DRBD is for local devices synced over the network. Cluster-md is for
shared devices such as SAN, so all syncs happen over the FC.
DRBD works for two nodes (until recently), cluster-md works for multiple
nodes.
--
Goldwyn
On Tue, Jun 09, 2015 at 10:33:08PM -0500, Goldwyn Rodrigues wrote:
> >>>some real world utility to warrant the potential maintenance effort.
> >>
> >>We do have a valid real world utility. It is to provide
> >>high-availability of RAID1 storage over the cluster. The
> >>distributed locking is required only during cases of error and
> >>superblock updates and is not required during normal operations,
> >>which makes it fast enough for usual case scenarios.
> >
> >That's the theory, how much evidence do you have of that in practice?
>
> We wanted to develop a solution which is lock free (or atleast
> minimum) for the most common/frequent usage scenario. Also, we
> compared it with iozone on top of ocfs2 to find that it is very
> close to local device performance numbers. we compared it with cLVM
> mirroring to find it better as well. However, in the future we would
> want to use it with with other RAID (10?) scenarios which is missing
> now.
OK, but that's the second time you've missed the question I asked about
examples of real world usage. Given the early stage of development, I'm
supposing there is none, which also implies it's too early for merging.
> >>What are the doubts you have about it?
> >
> >Before I begin reviewing the implementation, I'd like to better understand
> >what it is about the existing raid1 that doesn't work correctly for what
> >you'd like to do with it, i.e. I don't know what the problem is.
>
> David Lang has already responded: The idea is to use a RAID device
> (currently only level 1 mirroring is supported) with multiple nodes
> of the cluster.
That doesn't come close to answering the question: exactly how do you want
to use raid1 (I have no idea from the statements you've made), and exactly
what breaks when you use raid1 in that way? Once we've established the
technical problem, then I can fairly evaluate your solution for it.
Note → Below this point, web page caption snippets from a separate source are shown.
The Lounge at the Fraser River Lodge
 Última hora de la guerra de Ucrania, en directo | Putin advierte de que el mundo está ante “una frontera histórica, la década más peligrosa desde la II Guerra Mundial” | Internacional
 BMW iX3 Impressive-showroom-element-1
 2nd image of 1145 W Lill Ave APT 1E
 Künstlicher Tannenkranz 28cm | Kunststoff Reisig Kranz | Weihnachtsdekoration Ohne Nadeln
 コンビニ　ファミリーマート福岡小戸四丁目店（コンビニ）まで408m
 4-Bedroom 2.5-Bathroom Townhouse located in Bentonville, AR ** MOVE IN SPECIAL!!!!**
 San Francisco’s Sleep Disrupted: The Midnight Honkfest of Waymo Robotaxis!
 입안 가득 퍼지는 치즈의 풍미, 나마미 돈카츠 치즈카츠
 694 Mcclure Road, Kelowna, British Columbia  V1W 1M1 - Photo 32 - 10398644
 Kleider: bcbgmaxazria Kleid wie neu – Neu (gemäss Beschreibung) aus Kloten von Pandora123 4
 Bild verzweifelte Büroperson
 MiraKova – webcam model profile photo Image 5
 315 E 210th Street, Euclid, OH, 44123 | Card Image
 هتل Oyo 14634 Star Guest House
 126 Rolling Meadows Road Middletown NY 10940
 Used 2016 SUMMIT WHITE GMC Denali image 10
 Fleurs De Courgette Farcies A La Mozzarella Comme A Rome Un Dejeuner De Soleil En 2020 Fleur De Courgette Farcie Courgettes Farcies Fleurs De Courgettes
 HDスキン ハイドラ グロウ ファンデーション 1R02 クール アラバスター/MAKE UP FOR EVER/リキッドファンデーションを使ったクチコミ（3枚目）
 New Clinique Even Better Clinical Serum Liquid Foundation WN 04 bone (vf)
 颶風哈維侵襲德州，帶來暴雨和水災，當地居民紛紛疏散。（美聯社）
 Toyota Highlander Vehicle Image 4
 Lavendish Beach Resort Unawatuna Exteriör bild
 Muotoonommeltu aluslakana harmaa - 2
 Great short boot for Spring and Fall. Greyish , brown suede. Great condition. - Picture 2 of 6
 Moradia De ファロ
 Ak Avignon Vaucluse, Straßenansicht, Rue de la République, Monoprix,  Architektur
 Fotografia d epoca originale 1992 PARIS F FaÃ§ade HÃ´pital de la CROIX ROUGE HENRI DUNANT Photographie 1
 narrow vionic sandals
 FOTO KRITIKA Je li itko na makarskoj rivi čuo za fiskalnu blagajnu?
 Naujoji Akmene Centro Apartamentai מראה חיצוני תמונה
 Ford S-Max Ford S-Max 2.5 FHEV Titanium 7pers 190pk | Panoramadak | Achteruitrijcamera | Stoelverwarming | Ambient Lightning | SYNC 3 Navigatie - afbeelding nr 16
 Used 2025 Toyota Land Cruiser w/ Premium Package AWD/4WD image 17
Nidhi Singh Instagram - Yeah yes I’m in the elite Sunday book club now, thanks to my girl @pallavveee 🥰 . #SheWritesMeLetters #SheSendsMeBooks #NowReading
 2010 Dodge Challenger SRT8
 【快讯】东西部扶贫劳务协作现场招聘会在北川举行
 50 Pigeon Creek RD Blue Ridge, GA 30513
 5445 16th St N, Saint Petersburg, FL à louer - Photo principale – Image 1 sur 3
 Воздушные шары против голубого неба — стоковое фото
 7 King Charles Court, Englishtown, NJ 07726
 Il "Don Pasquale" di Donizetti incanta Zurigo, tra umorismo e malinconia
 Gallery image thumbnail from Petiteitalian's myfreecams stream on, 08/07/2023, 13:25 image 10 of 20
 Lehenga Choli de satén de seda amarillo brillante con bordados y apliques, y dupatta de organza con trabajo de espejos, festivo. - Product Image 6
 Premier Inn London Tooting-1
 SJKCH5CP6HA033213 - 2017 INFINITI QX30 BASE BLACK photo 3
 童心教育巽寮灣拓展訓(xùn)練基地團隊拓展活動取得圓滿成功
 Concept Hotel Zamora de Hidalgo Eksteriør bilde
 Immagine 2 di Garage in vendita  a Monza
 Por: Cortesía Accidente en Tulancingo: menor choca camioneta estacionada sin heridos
Isn't this process what staging is for?
Dave
On 06/10/2015 10:01 AM, David Teigland wrote:
> On Tue, Jun 09, 2015 at 10:33:08PM -0500, Goldwyn Rodrigues wrote:
>>>>> some real world utility to warrant the potential maintenance effort.
>>>>
>>>> We do have a valid real world utility. It is to provide
>>>> high-availability of RAID1 storage over the cluster. The
>>>> distributed locking is required only during cases of error and
>>>> superblock updates and is not required during normal operations,
>>>> which makes it fast enough for usual case scenarios.
>>>
>>> That's the theory, how much evidence do you have of that in practice?
>>
>> We wanted to develop a solution which is lock free (or atleast
>> minimum) for the most common/frequent usage scenario. Also, we
>> compared it with iozone on top of ocfs2 to find that it is very
>> close to local device performance numbers. we compared it with cLVM
>> mirroring to find it better as well. However, in the future we would
>> want to use it with with other RAID (10?) scenarios which is missing
>> now.
>
> OK, but that's the second time you've missed the question I asked about
> examples of real world usage. Given the early stage of development, I'm
> supposing there is none, which also implies it's too early for merging.
>
I thought I answered that:
To use a software RAID1 across multiple nodes of a cluster. Let me
explain in more words..
In a cluster with multiple nodes with a shared storage, such as a SAN.
The shared device becomes a single point of failure. If the device loses
power, you will lose everything. A solution proposed is to use software
RAID, say with two SAN switches with different devices and create a
RAID1 on it. So if you lose power on one switch or one of the device is
fails the other is still available. Once you get the other switch/device
back up, it would resync the devices.
>>>> What are the doubts you have about it?
>>>
>>> Before I begin reviewing the implementation, I'd like to better understand
>>> what it is about the existing raid1 that doesn't work correctly for what
>>> you'd like to do with it, i.e. I don't know what the problem is.
>>
>> David Lang has already responded: The idea is to use a RAID device
>> (currently only level 1 mirroring is supported) with multiple nodes
>> of the cluster.
>
> That doesn't come close to answering the question: exactly how do you want
> to use raid1 (I have no idea from the statements you've made)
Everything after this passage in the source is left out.